In Statistical Methods in the Atmospheric Sciences, Daniel Wilks notes that multiple linear regression can lead to problems if there are very strong intercorrelations among the predictors (3rd edition, page 559-560):
A pathology that can occur in multiple linear regression is that a set of predictor variables having strong mutual correlations can result in the calculation of an unstable regression relationship.
He then introduces principal component regression:
An approach to remedying this problem is to first transform the predictors to their principal components, the correlations among which are zero.
So far so good. But next, he makes some statements that he does not explain (or at least not in sufficient detail for me to understand):
If all the principal components are retained in a principal component regression, then nothing is gained over the conventional least-squares fit to the full predictor set.
It is possible to reexpress the principal-component regression in terms of the original predictors, but the result will in general involve all the original predictor variables even if only one or a few principal component predictors have been used. This reconstituted regression will be biased, although often the variance is much smaller, resulting in a smaller MSE overall.

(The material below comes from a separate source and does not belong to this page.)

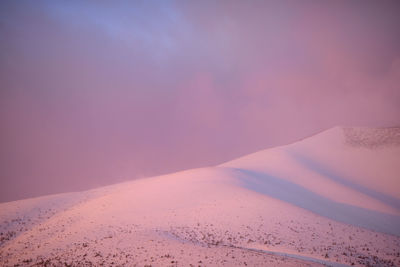 Scenic view of mountain against sky during sunset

I don't understand these two points.
Of course, if all the principal components are retained, we use the same information as when we were using the predictors in their original space. However, the problem of mutual correlations is removed by working in principal component space. We may still have overfitting, but is that the only problem? Why is nothing gained?
Secondly, even if we do truncate the principal components (perhaps for noise reduction and/or to prevent overfitting), why and how does this lead to a biased reconstituted regression? Biased in what way?
Book source: Daniel S. Wilks, Statistical Methods in the Atmospheric Sciences, Third edition, 2011. International Geophysics Series Volume 100, Academic Press.